Now that we have taken everything into account it is time to make ourselves a porthole for our kick drum. The following is a play by play list of operations to make yourself the porthole after you have taken the above steps into consideration. Remember to take your time!
- Remove the resonant head from the kick drum.
- Place the head on a cutting board.
- Put your can on the stove top or other heat source for 10-30 seconds on very high heat. Make sure the open side of the can is facing down directly into the heat.
- Using an oven mitt, remove the can from the heat and carefully press it into the desired spot on the head. Keep in mind the head will be upside down and your placement will need to mirror your desired location. Keep pressing down into the cutting board for at least two minutes, possibly turning it slightly but making sure it does not rip.

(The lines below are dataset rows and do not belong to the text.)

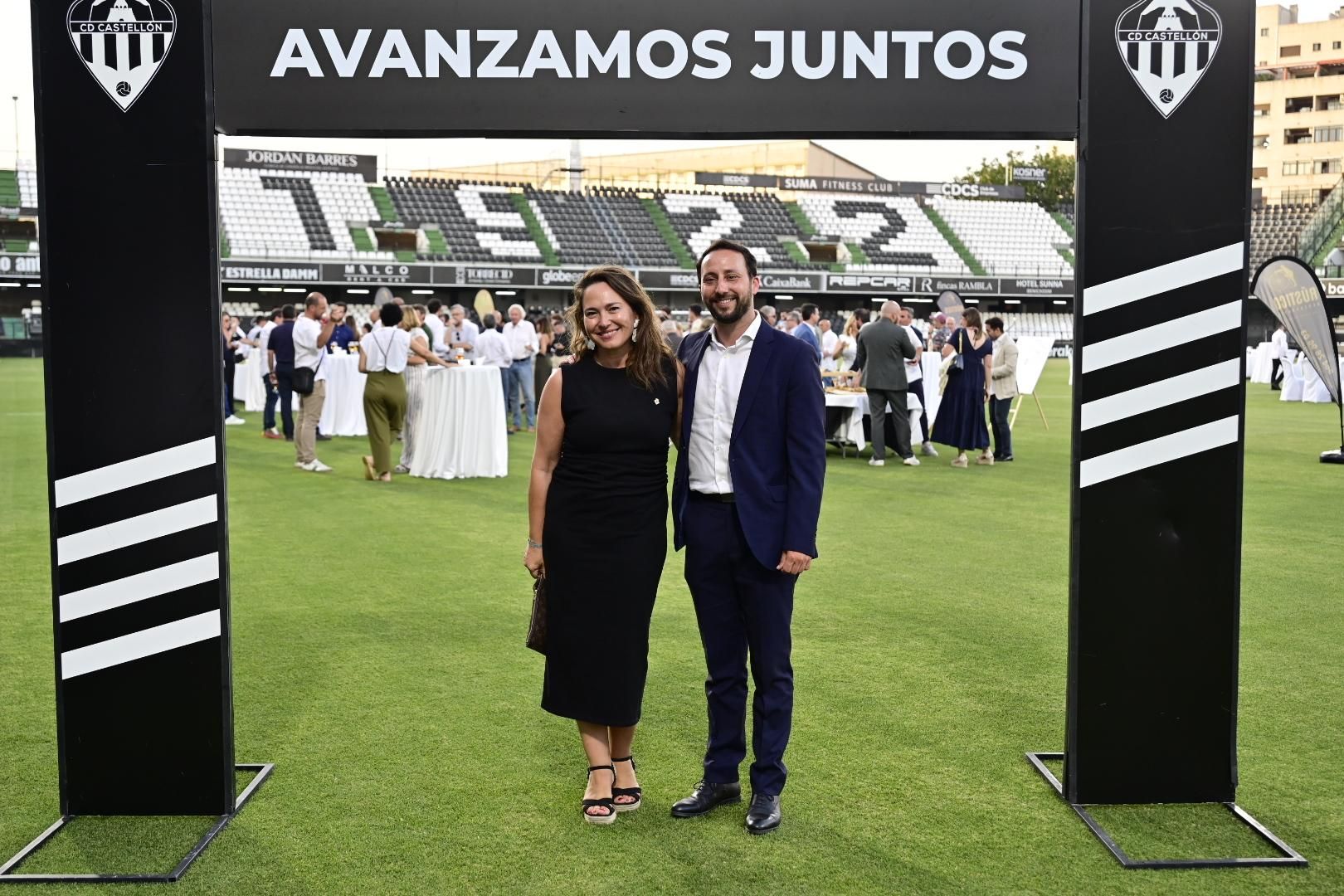 Galería | El CD Castellón celebra la Gala de Patrocinadores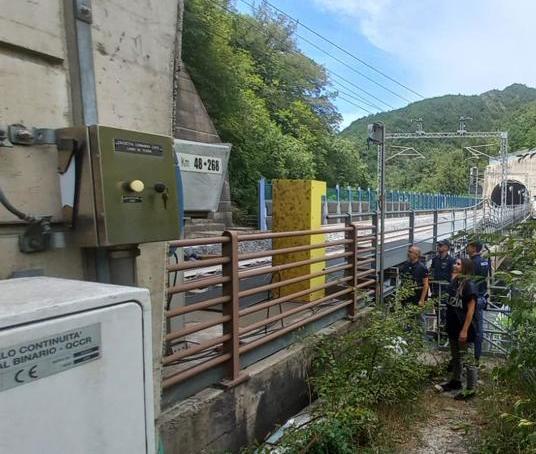 Da Ponte Di Mezzo Al Mugello Quel Filo Rosso Che Lega Anarchia E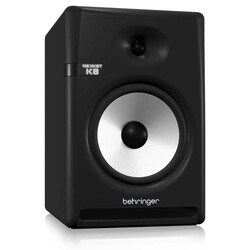 Behringer K8 Aktif Stüdyo Referans Monitörü (TEK) - 4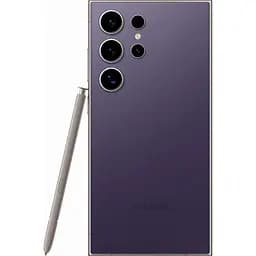 Смартфон Samsung Galaxy S24 Ultra 12/512Gb UA-UCRF Titanium Violet [SM-S928BZVHEU] [100029] - мініатюра 5
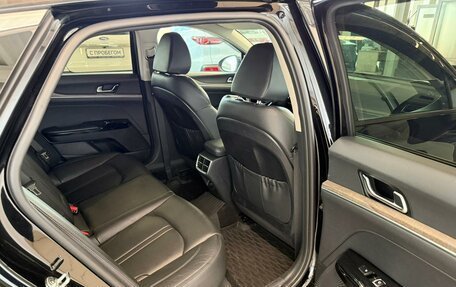 KIA K5, 2020 год, 2 199 999 рублей, 17 фотография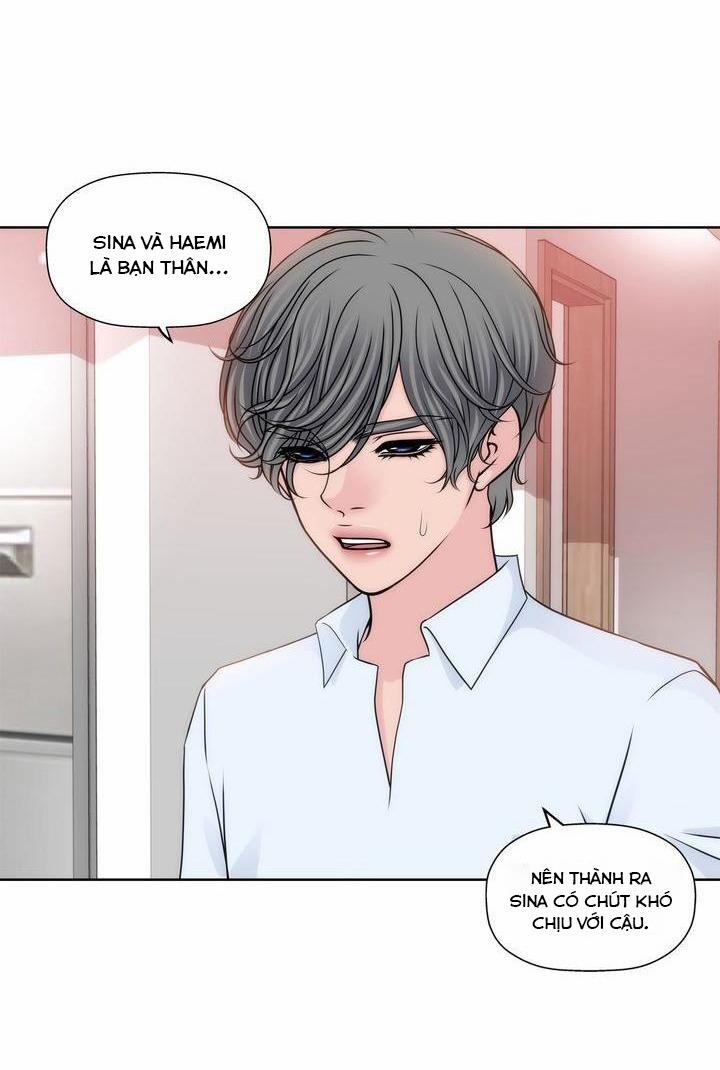 Người Đàn Ông Của Tôi 105.1 trang 12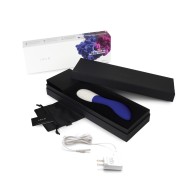 LELO Mona Wave G-Spot Stimulator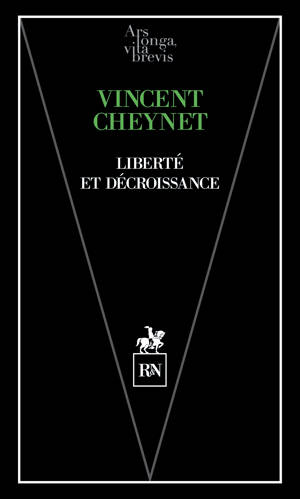 Liberté et décroissance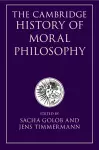 The Cambridge History of Moral Philosophy cover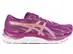 Tênis Asics Gel-Hypersonic 5 Blackberry/Champagne Fem - 0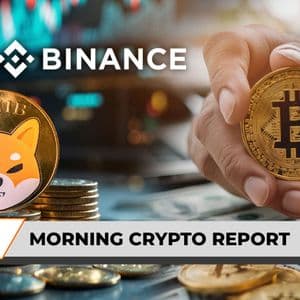 Morning Crypto Report: Binance Suddenly Unlocks 1 Trillion Shiba Inu (SHIB), Bitcoin Whitepaper Name Admits and Denies Epstein Links, $2.36 Billion Satoshi-Era ...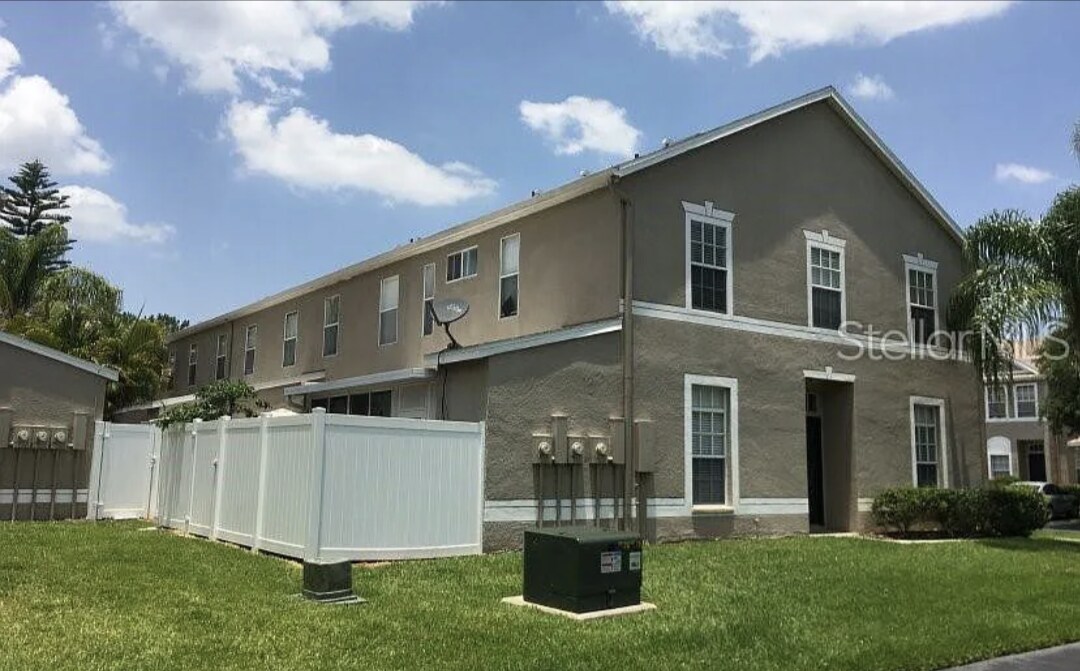 4311 Deermont Cir, Tampa, FL 33624 Townhome Rentals in Tampa FL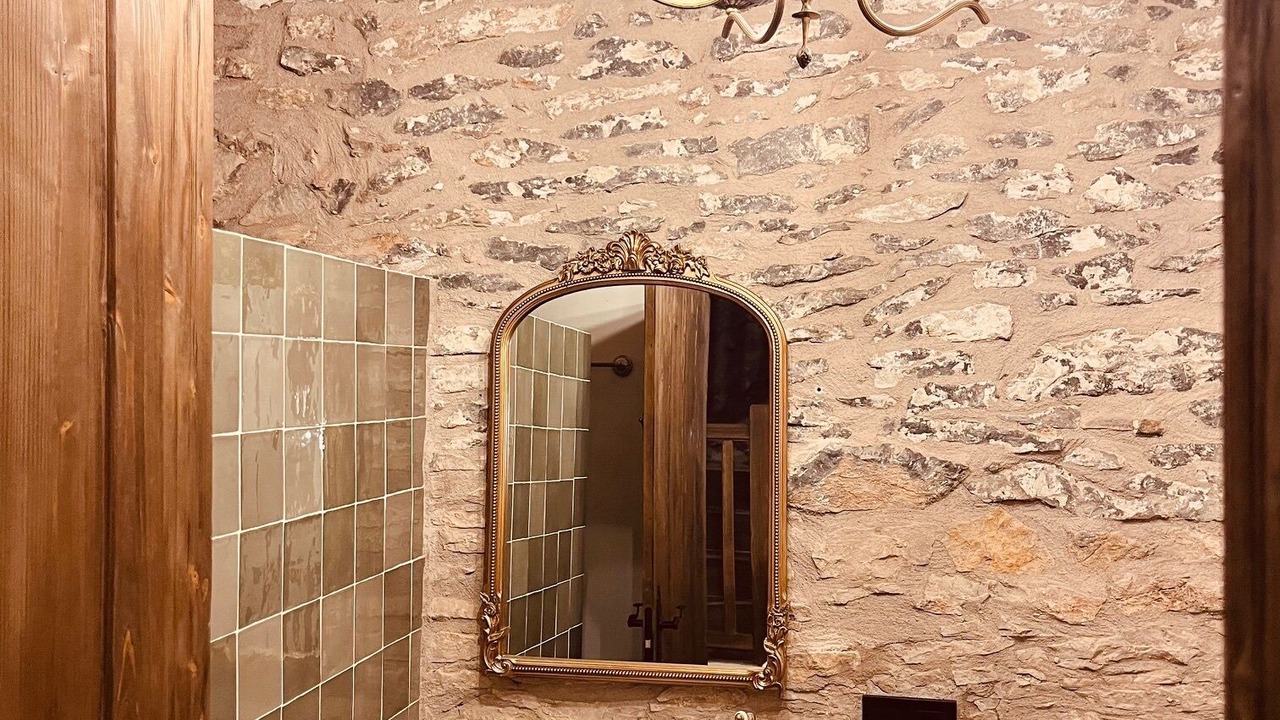 Photo of Bathroom in Vilafranca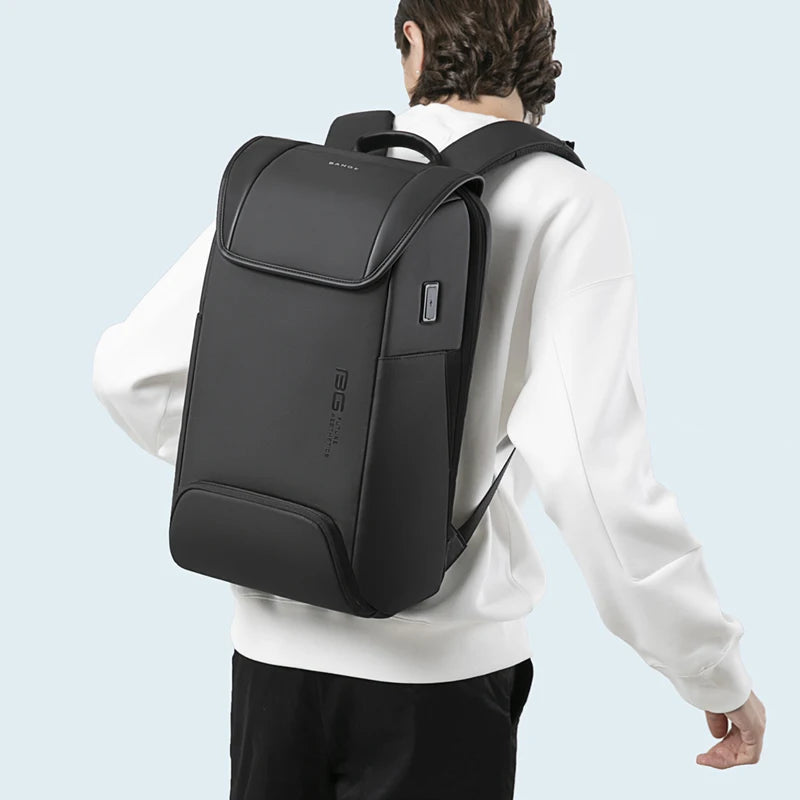 Backpack With Combination Lock ERIN The Store Bags 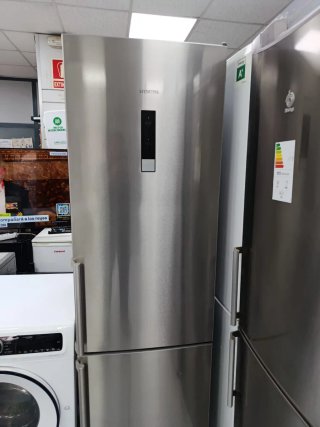 Pack nevera y lavadora secadora súper oferta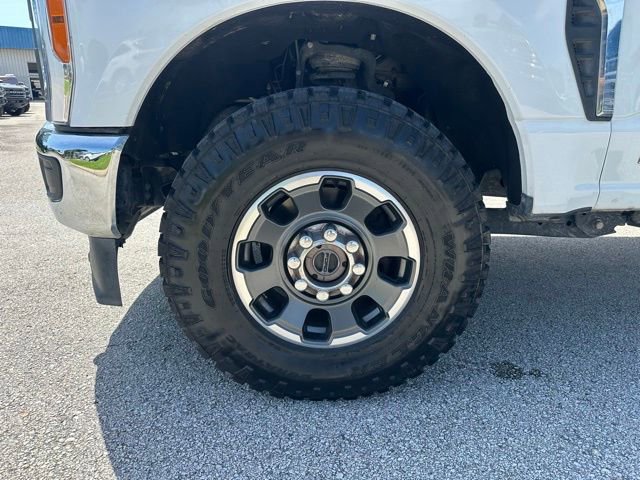 Certified 2023 Ford F250 XL w/ XL Chrome Package AWD/4WD image 27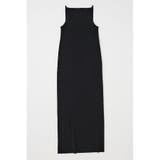 HORIZON NECK キャミドレス | MOUSSY OUTLET | 詳細画像5
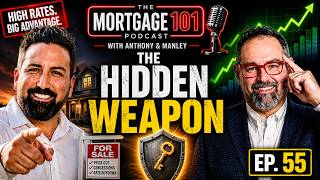 The Hidden Weapon in Today's Housing Market | Ep. 55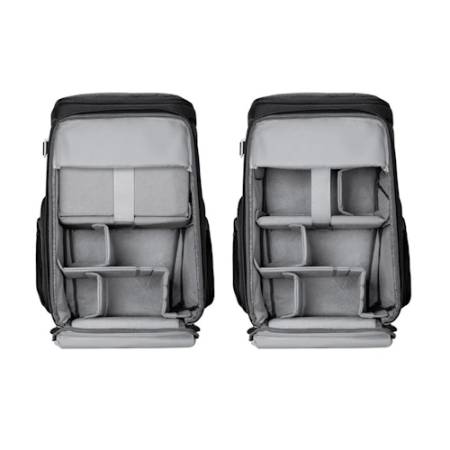 K&F Concept Beta Backpack - plecak fotograficzny, 25l, szary (KF13.128V3)_4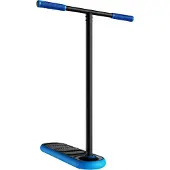 INDO Trottinette trampoline - Pro V2 - Bleu - - UneTaille - Trottinnette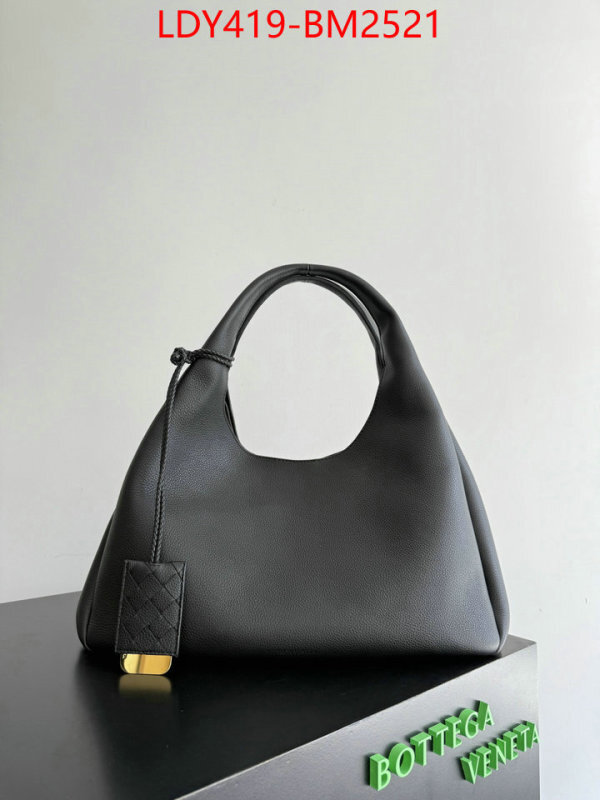 BV Bags(TOP)-Handbag- top perfect fake ID: BM2521 $: 419USD,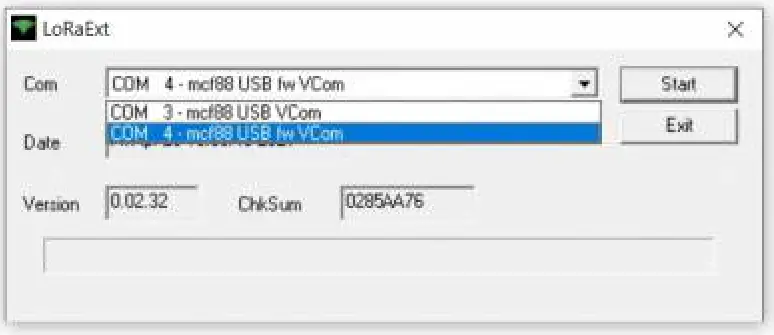 ime MCF-LW06485 LoRaWAN interface - Fig8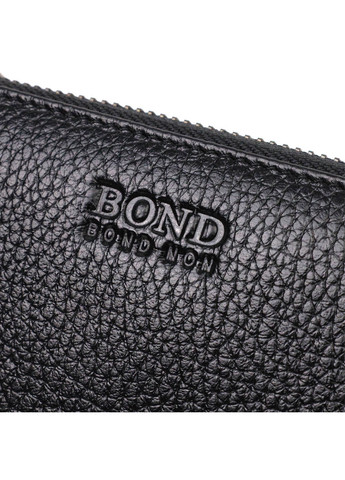 Жіночий шкіряний гаманець 10х19х2 см Bond (275071282)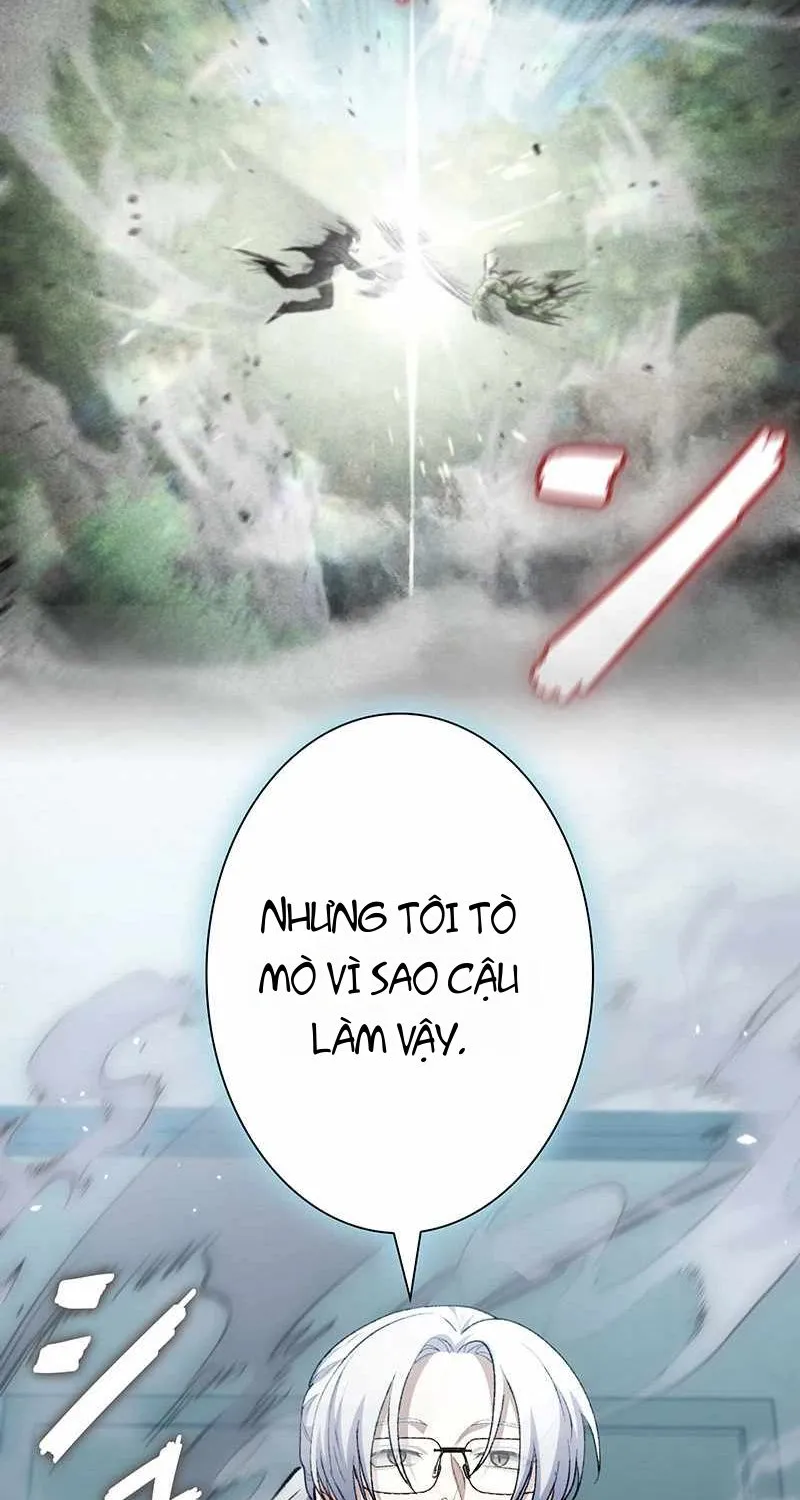 Tôi Trở Thành Thợ Săn Siêu Việt Với X100.000 Lần Kinh Nghiệm Chapter 13 - Trang 9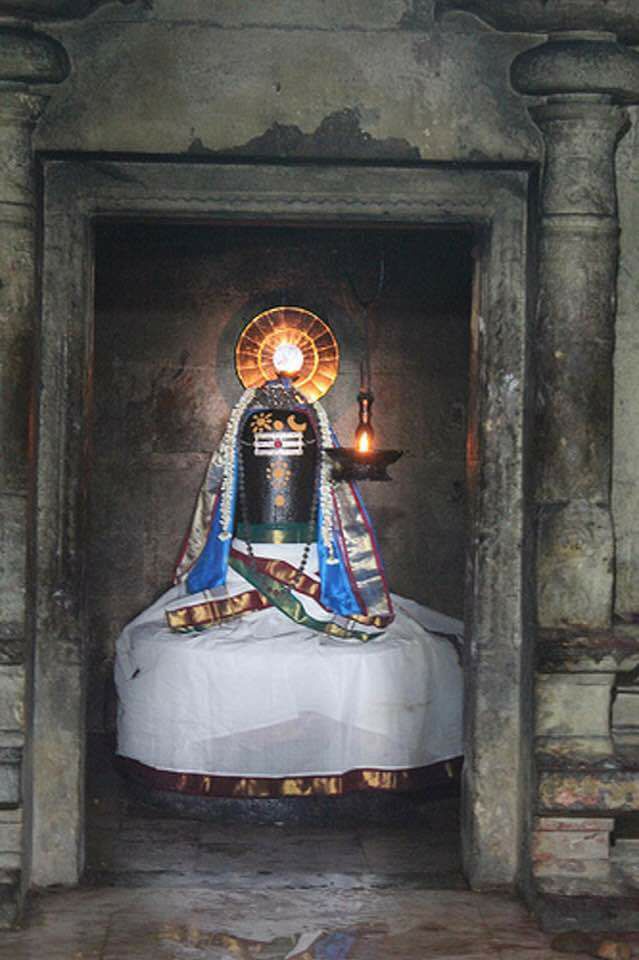 Images of trivandrum Kuriyathishiva Temple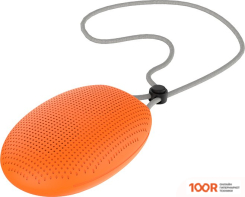 Беспроводная колонка Maxvi PS-01 (ОРАНЖЕВЫЙ) (11754)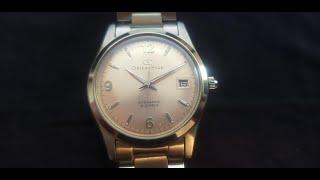 Orient Star PF0L-Q0 CS 710405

- With the hot can sufficiently pressed into the head, carefully start to lift the can away from the cutting board. If the head moves with the can then you will need to use a knife and cut the plastic off from the can to avoid tears.
And when you are done you will have this!
Step 6: Wrapping It All Up
Hopefully it all went well and your head (as well your person) survived the ordeal.
The last final touch I would recommend is to take a nail filer and smooth out the rough edges of the porthole. It is not necessary but a nice touch. Here is a final comparison of mine both before and after...
I hope you enjoyed and saved some cash too! Thanks for reading!